Johnson County supervisor votes 'no' on budget

Rettig questions conservation bond spending, closed discussions


IOWA CITY — A Johnson County supervisor voted against the county’s fiscal 2019 budget Thursday, saying she was concerned about the way conservation bond funds are to be spent.

Supervisor Janelle Rettig said in a statement that $3 million from the conservation bond approved by voters in 2008 will go to buy a parcel of land that has “substantial infrastructure, an event center, buildings, a home and more.”

She did not identify the land in question, though she said she did not think discussions — between supervisors and county conservation officials — about the purchase should be occurring in closed executive session.

“I believe budgets should be completely transparent, and people have every right to know how their money will be spent and for what purpose,” Rettig said. “Hiding behind a potentially incorrect executive session is exactly what the taxpayers of Johnson County shouldn’t accept.”

The board, on a 4-1 vote, approved a $127.7 million budget for fiscal 2019, up from this year’s $110.4 million.

Though the budget is increasing 16 percent, the county tax rate is going down — from $6.85 per $1,000 valuation to $6.61.

The decrease comes because several Tax Increment Finance districts are expiring, meaning more tax revenue is coming in to all the taxing bodies in Johnson County.


Supervisor Mike Carberry, the board’s chairman, said county budgets are typically approved unanimously because of the lengthy reviews that precede the vote. Dissension “very rarely happens,” he said.

Johnson County voters 10 years ago approved a $20 million conservation bond to be spent over 20 years. Roughly $10 million has been spent or allocated, and Carberry said all of the land purchase discussions were handled in executive session.

Under Iowa law, public bodies can close meetings when discussing the sale or purchase of land and when public disclosure of the deal could affect the price the government would have to pay or the price it can ask in a sale.

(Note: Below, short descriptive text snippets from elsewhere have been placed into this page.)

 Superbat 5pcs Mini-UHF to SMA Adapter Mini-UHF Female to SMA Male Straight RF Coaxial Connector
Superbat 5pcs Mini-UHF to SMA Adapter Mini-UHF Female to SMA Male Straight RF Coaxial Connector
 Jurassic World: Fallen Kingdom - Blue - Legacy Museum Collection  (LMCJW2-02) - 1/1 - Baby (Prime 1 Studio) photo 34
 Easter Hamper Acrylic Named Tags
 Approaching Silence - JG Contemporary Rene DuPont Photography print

The actual approval of a purchase or sale must be made in a public meeting.

In the pending purchase Rettig references, conservation officials are seeking some $1.7 million in bond funds this fiscal year and $1.3 million next year.

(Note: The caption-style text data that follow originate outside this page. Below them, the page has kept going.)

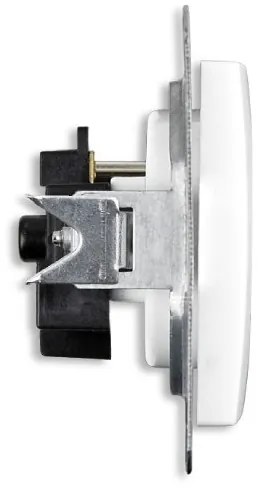 Elhard Zásuvka Vera, matná, biela VZ2100W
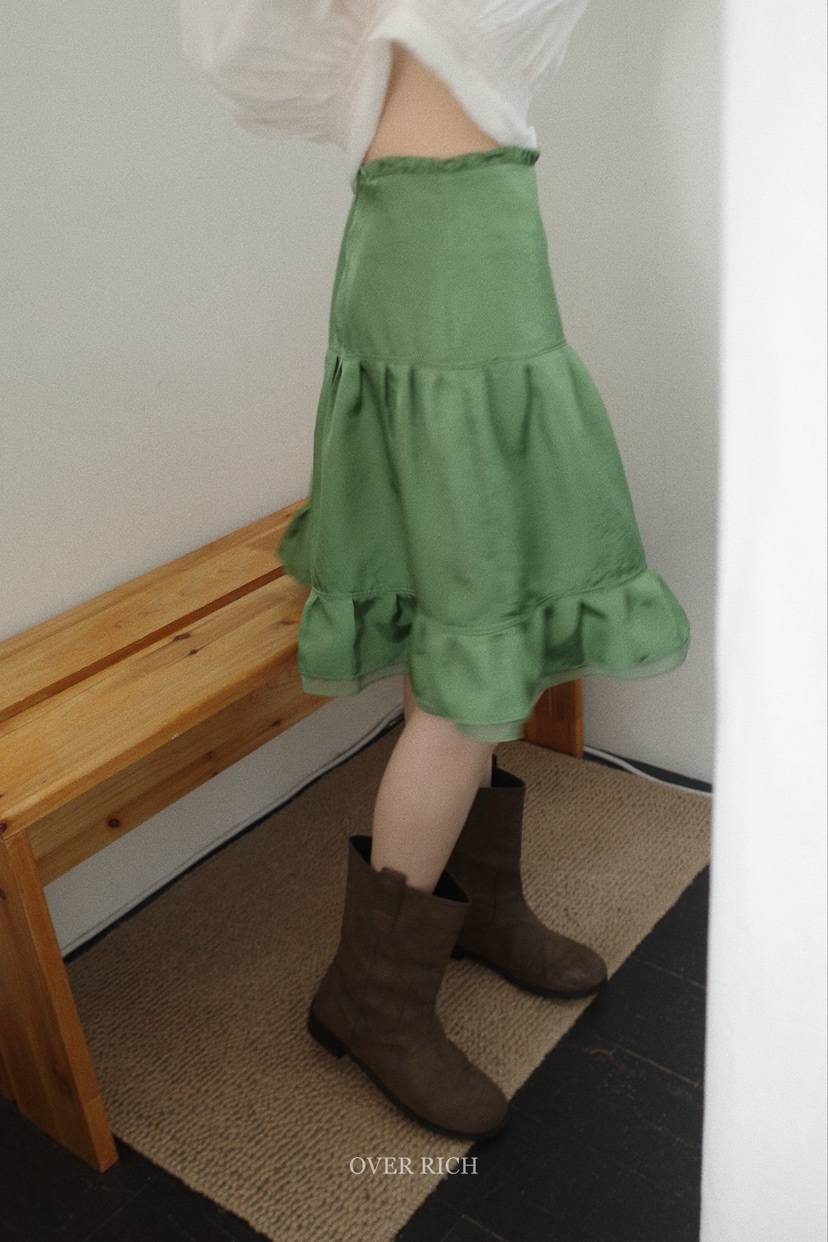 OVER RICH韓國代購女士新品熱賣時尚休閑人氣半身裙中短裙OVER RICH半身裙/中短裙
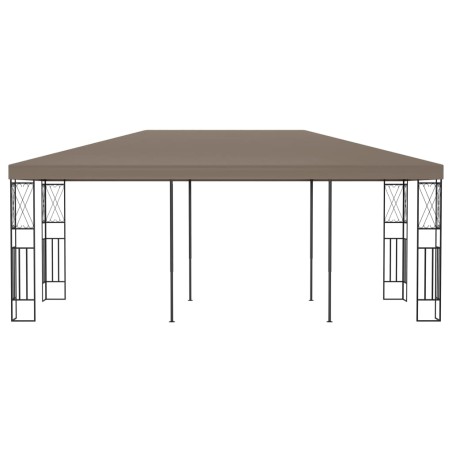 vidaXL Pavillon 6x3 m Taupe Stoff 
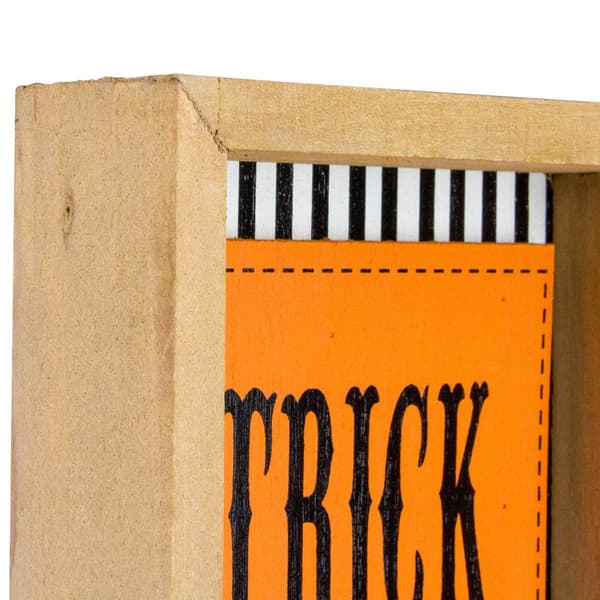 Northlight Seasonal "Happy Halloween" Wooden Shadow Box Plaques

Rettig said the county is not technically purchasing the property — that a third-party nonprofit will buy it first — and that she’s seen no evidence that discussing the purchase in public meetings would raise its price.

“Spending our limited resources on buildings is not what I voted for and campaigned for in 2008,” Rettig said. “Doing so in secrecy and closed meetings is everything I, and much of the public, detests about government.”

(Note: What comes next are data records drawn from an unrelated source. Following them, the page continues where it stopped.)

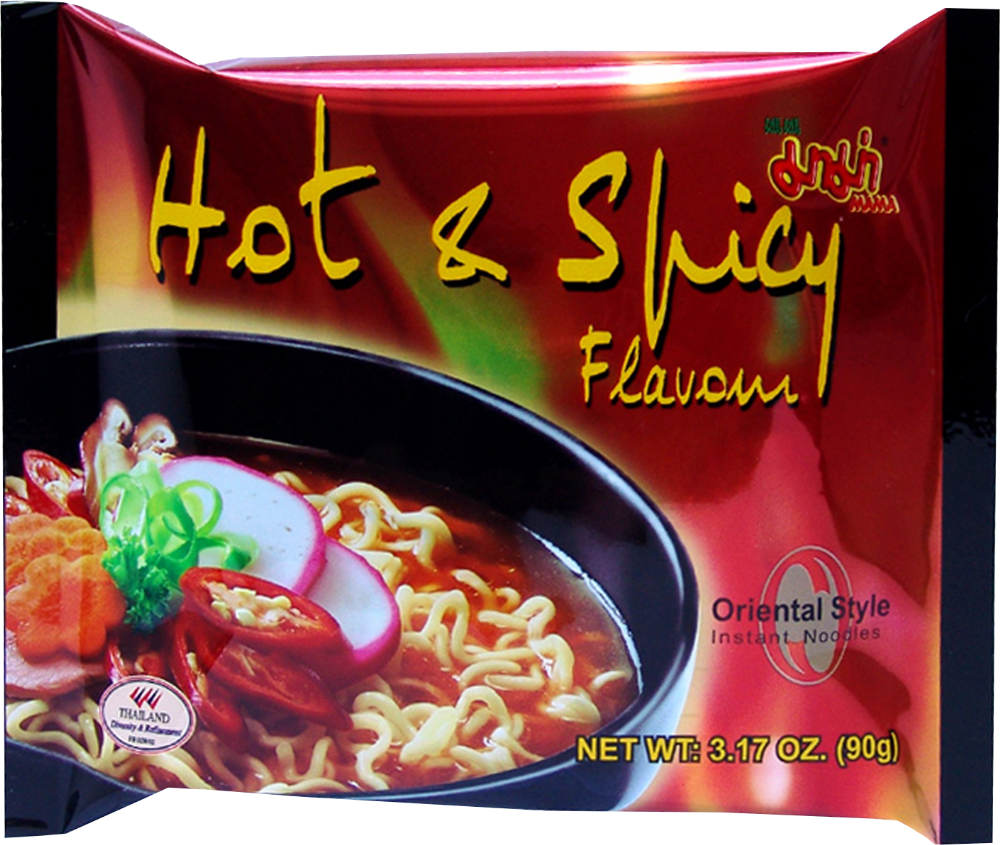 Mama Hot & Spicy Instant Noodles 90G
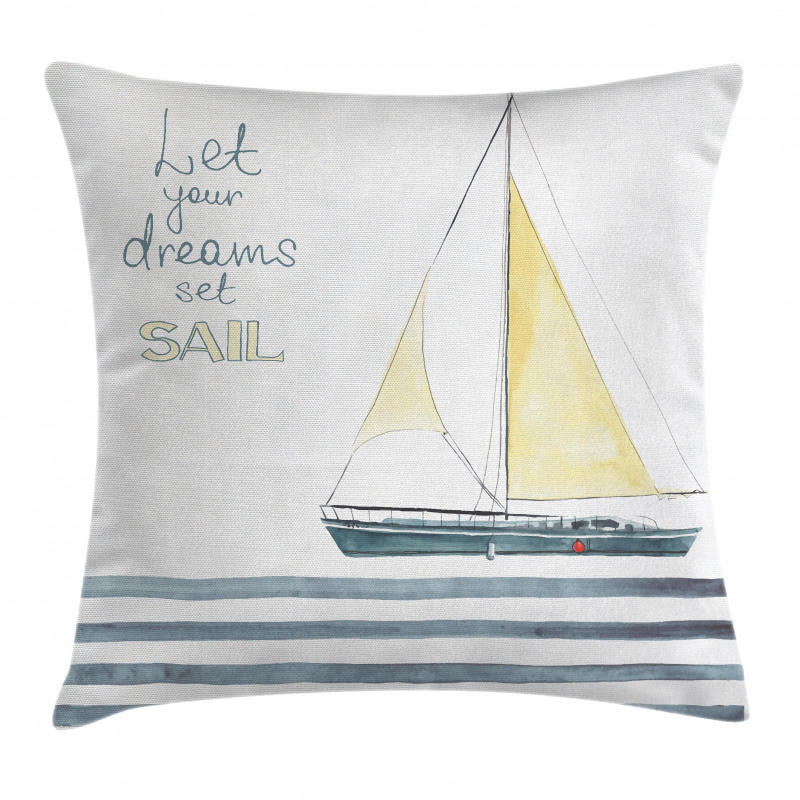 Sailing Travel Pillow Cover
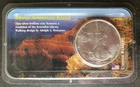 1993 $1 American Silver Eagle Dollar in a Littleton Holder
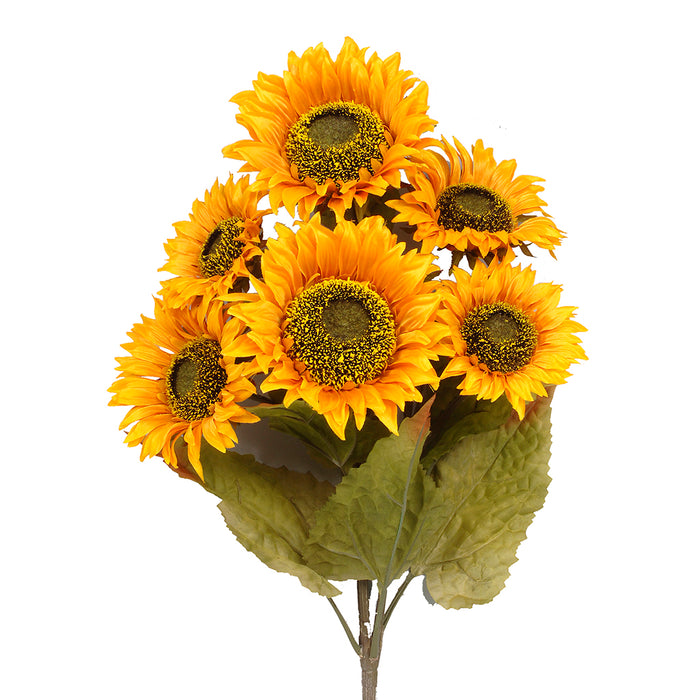 21 1/2 In Sunflower Bush - Yellow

She did say the property has “valuable woodlands” that she supports buying.

“We should insist this money be spent on woodlands, prairies, recreational trails, wetlands, water quality projects, accessibility to natural areas, as we told the voters when they approved the conservation bond,” Rettig said.

Carberry said third parties, like nonprofits, can be used to buy and hold parcels of land because governmental budgeting often can take longer than a seller is willing to wait.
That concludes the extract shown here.